I have a dataset in which participants went through 5 different situations and their behavior was measured in each situation. Here's an example dataset with a similar structure:
id1<-1:10
id<-rep(id1, each=5)
socbeh<-as.integer(rnorm(50, 3, 1))
Index1<-1:5
situation<-rep(Index1, times=10)
df<-data.frame(id, situation, socbeh)
I'm running multilevel regressions using R lme4 with participant ID as a random effect and situation as 5-level factorial predictor, like this:
library(lme4)
model<-lmer(socbeh ~ (1|id)+factor(situation), data=df)
#and then derive the estimated marginal means via emmeans
library(emmeans)
em<-emmeans(model, ~situation)
I'd like to conduct nonparametric bootstrap on the estimated marginal means and on their confidence intervals. However, all my attempts produce the error:
Error in t.star[r, ] <- res[[r]] :
number of items to replace is not a multiple of replacement length
I first tried the following:
fun<-function(data, idx){
model<-lmer(socbeh ~ (1|id) + factor(situation),
data=data[idx,])
rg<-ref_grid(model, mult.levs = rm_levels)
em_<-emmeans(rg, ~situation)
}
B<-boot(df, fun, R=1000)
However, this produces the error: "Error in t.star[r, ] <- res[[r]] : number of items to replace is not a multiple of replacement length"
I tried removing all NAs from the data -> same error.
I tried perusing the advice in this response: :
df2 <- model.matrix(~socbeh + situation + id - 1, data=df)
and then ran the boot again using df2 as the data, but I still get the same error.
I also tried a simpler version of the function:
fun<-function(data, idx){
model<-lmer(socbeh ~ (1|id) + factor(situation),
data=data[idx,])
em<-emmeans(model, ~situation)
}
But got the same error again.

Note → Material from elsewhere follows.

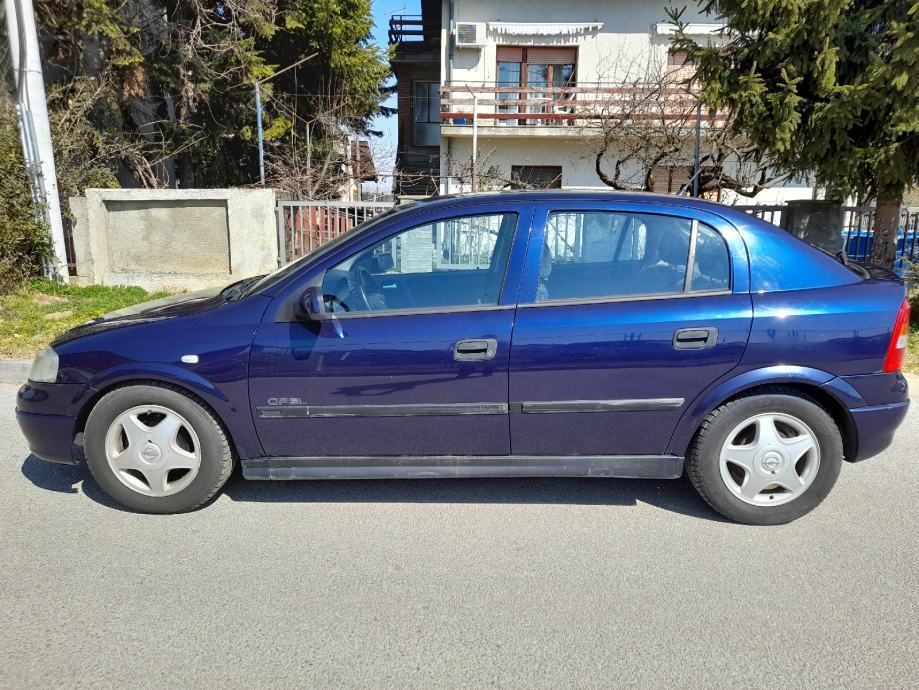 Opel Astra 1,6 CDX, fotografija 13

I also tried to bootstrap just the regression coefficients by
fun<-function(data, idx) {
coef(lmer(socbeh ~ (1|id)+factor(situation), data=data[idx,]))
}
B<-boot(df2, fun, R=1000)
which has worked for me before (with continuous predictors), but now I get this error "Error in model.frame.default(data = data[idx, ], drop.unused.levels = TRUE, : variable lengths differ (found for 'factor(situation)')"

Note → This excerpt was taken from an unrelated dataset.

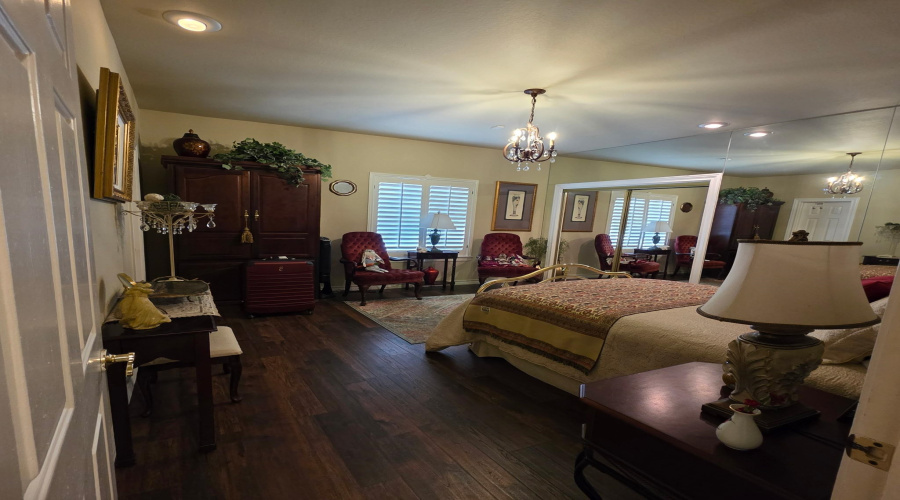 1310 Nicklaus Loop North, Laredo, Texas 78045, 3 Bedrooms Bedrooms, 8 Rooms Rooms,4 BathroomsBathrooms,Residential,For Sale,1310 Nicklaus Loop North,20261636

It probably goes without saying I'm very inexperienced in programming, and don't understand at all what's going on. Can anyone help? Thanks so much in advance!
Part of what emmeans()
does is to reconstruct the data from the model-fitting call. Accordingly, you need the data to exist as an object in the environment where the model is fitted, and for it not to be changed between when the model was fitted and when emmeans
is run. Maybe it will be enough to add a line at the beginning of the function like dat <- data[idx, ]
and then use that in the model fitting. It wouldn't hurt to also add data = dat
to the ref_grid
call.
The other thing I wonder is what the function is supposed to return. Right now it is returning an emmGrid
object, which is a pretty complicated thing. And I'm guessing that boot()
is expecting a vector of estimates. If so, I think you should add a line at the end that says predict(em_)
-- which will cause it to return just the EMMs.
I tried a similar example. Definitely, the return value is an issue, and you should be returning a vector of estimates. An additional issue I found is that not all bootstrap samples have all the levels of the factor in question, and in those cases you get a different number of estimates. So you need to be extremely careful to line them up correctly.
Here is an example I got to work with the fiber
data that comes with emmeans
function(data, idx) {
dat = data[idx, ]
fit = lm(strength ~ machine + diameter, data = dat)
em = emmeans(fit, "machine", data = dat)
rtn = c(A = NA, B = NA, C = NA)
rtn[em@levels$machine] = predict(em)
rtn
}
> boot(fiber, fun, R = 100)
ORDINARY NONPARAMETRIC BOOTSTRAP
Call:
boot(data = fiber, statistic = fun, R = 100)
Bootstrap Statistics :
original bias std. error
t1* 40.38241 -0.18833737 1.154697
t2* 41.41922 -0.07372249 1.250100
t3* 38.79836 -0.11139516 1.305454
Note the last 3 lines of fun
. First we set all the return values to NA
, corresponding to the three levels of machine
.
Then we set those elements that we actually estimated (as found in em@levels$machine
) to the estimates we got. Then we return rtn
. Those lines of code ensure that 3 values are returned every time.